**TRY IT**
Using the records that follow, reproduce exactly the lines starting at the line containing "Elmot Phon Turbo Compact X5 Fucsia Hollywood" and ending at the line containing "Volkswagen T-Cross usata a Roma (3)". Include both end lines and no pictures.

**DATA SECTION**
***
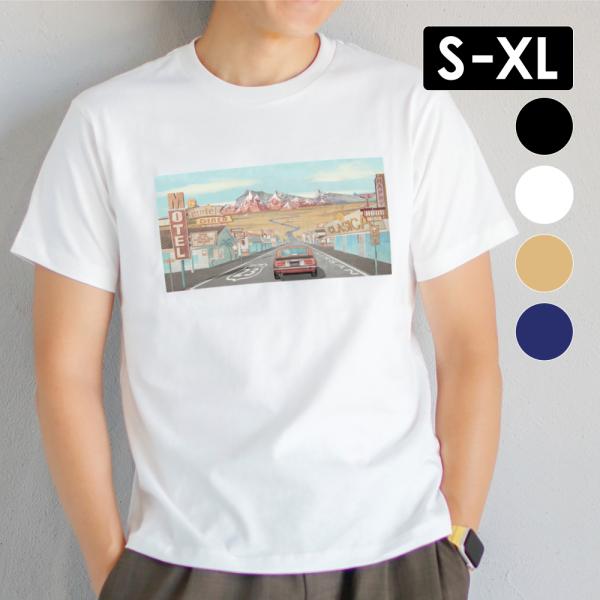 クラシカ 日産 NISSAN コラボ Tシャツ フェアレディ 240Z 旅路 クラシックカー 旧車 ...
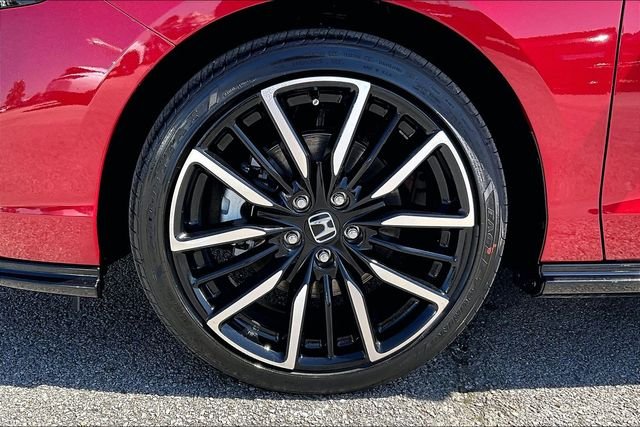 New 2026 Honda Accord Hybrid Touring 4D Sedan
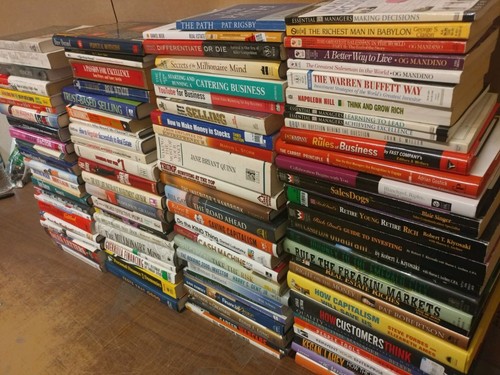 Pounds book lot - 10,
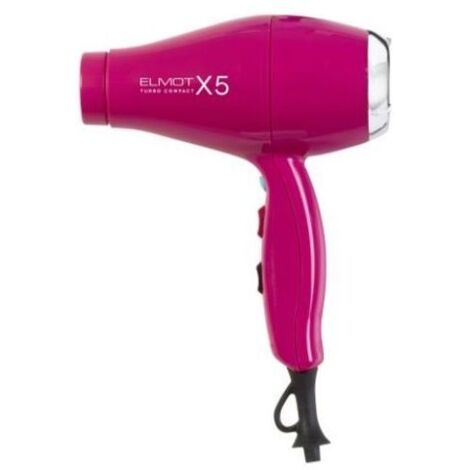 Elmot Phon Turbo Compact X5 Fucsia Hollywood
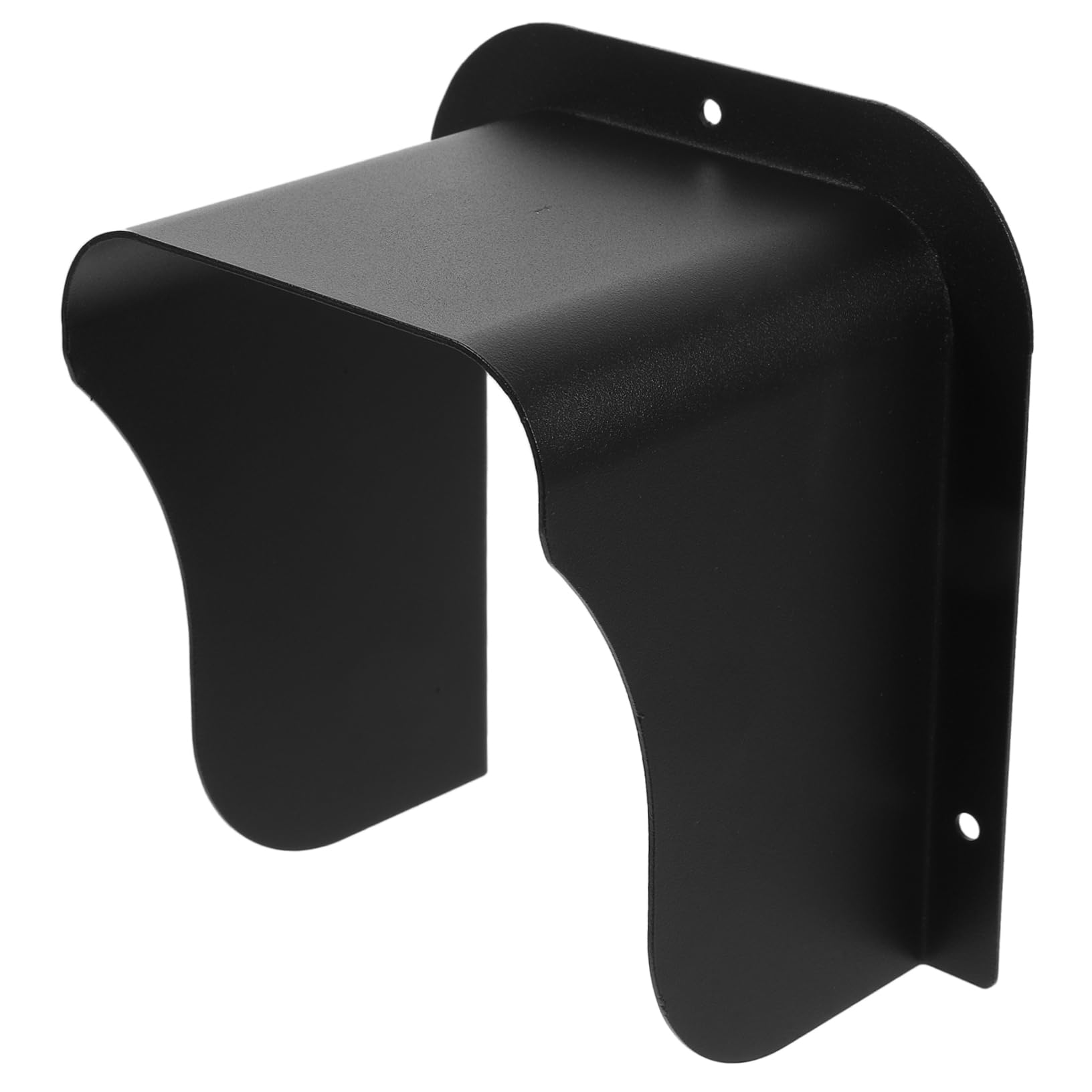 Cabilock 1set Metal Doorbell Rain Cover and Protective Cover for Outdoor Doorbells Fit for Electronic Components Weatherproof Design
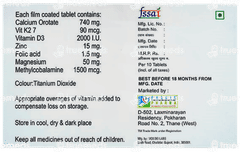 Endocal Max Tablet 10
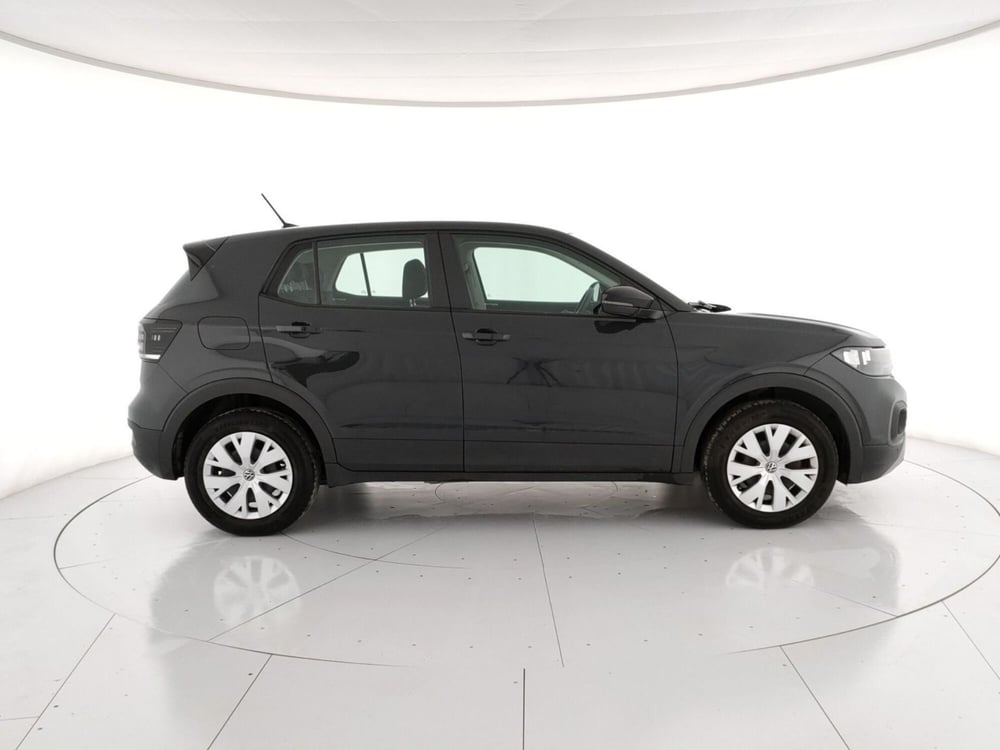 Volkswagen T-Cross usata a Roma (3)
***
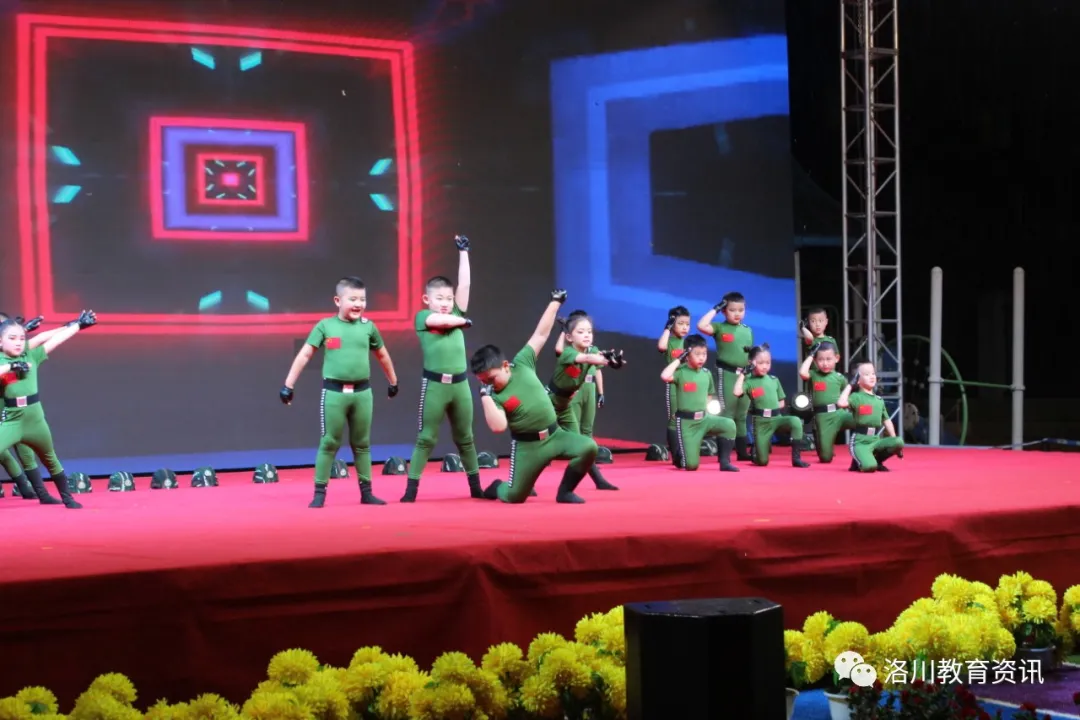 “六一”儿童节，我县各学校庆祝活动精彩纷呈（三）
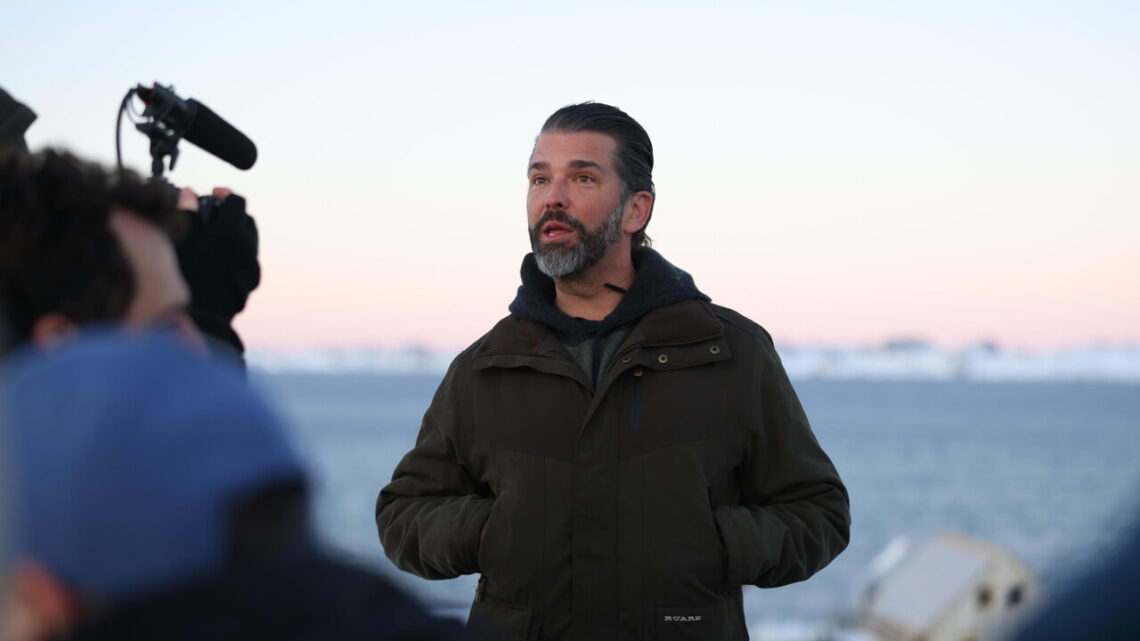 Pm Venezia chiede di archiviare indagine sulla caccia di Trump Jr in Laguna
***
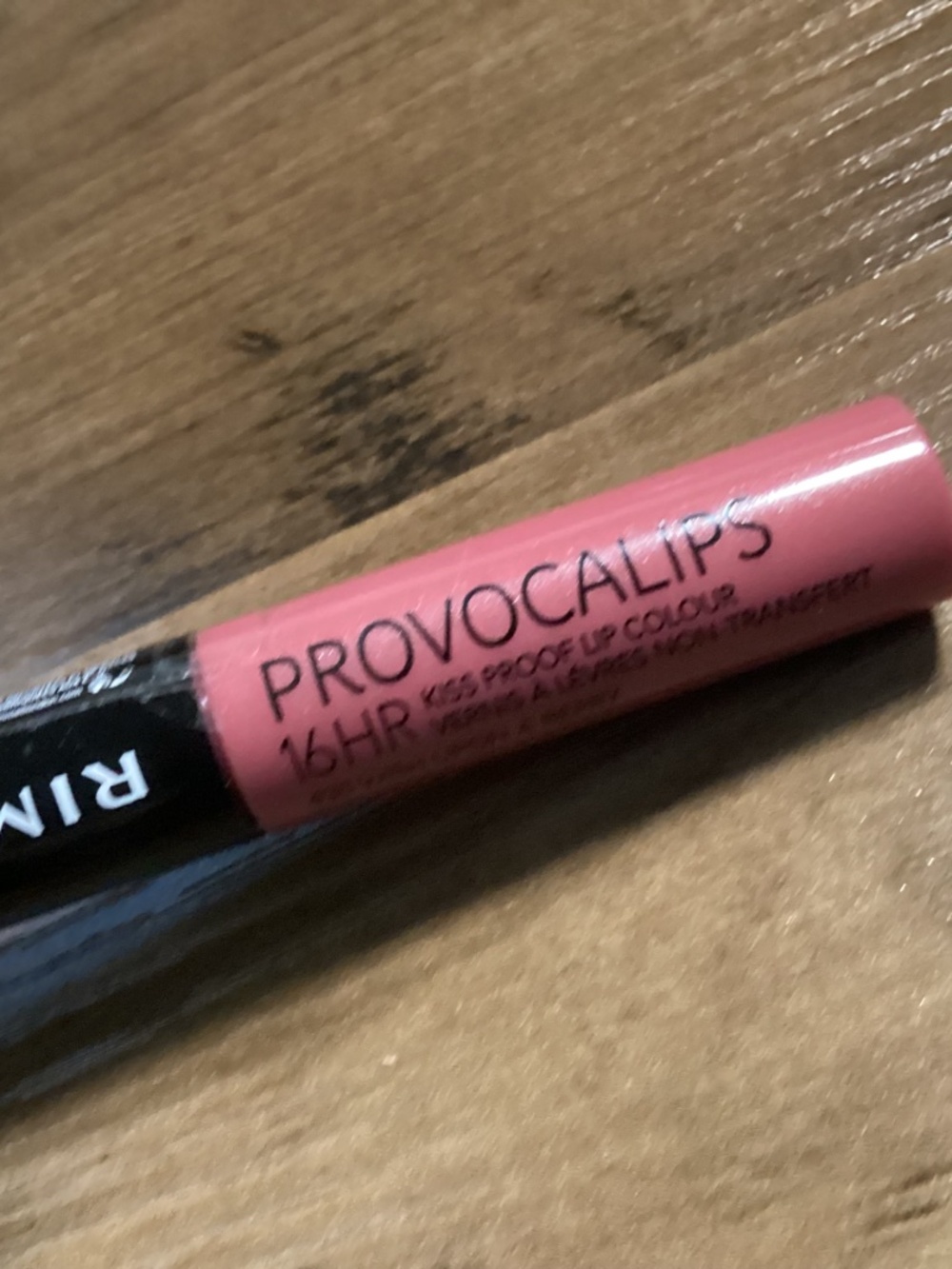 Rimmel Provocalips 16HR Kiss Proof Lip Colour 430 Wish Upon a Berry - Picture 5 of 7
***
**THE COMPLETED TASK**
 Elmot Phon Turbo Compact X5 Fucsia Hollywood
 Cabilock 1set Metal Doorbell Rain Cover and Protective Cover for Outdoor Doorbells Fit for Electronic Components Weatherproof Design
 Endocal Max Tablet 10
 Volkswagen T-Cross usata a Roma (3)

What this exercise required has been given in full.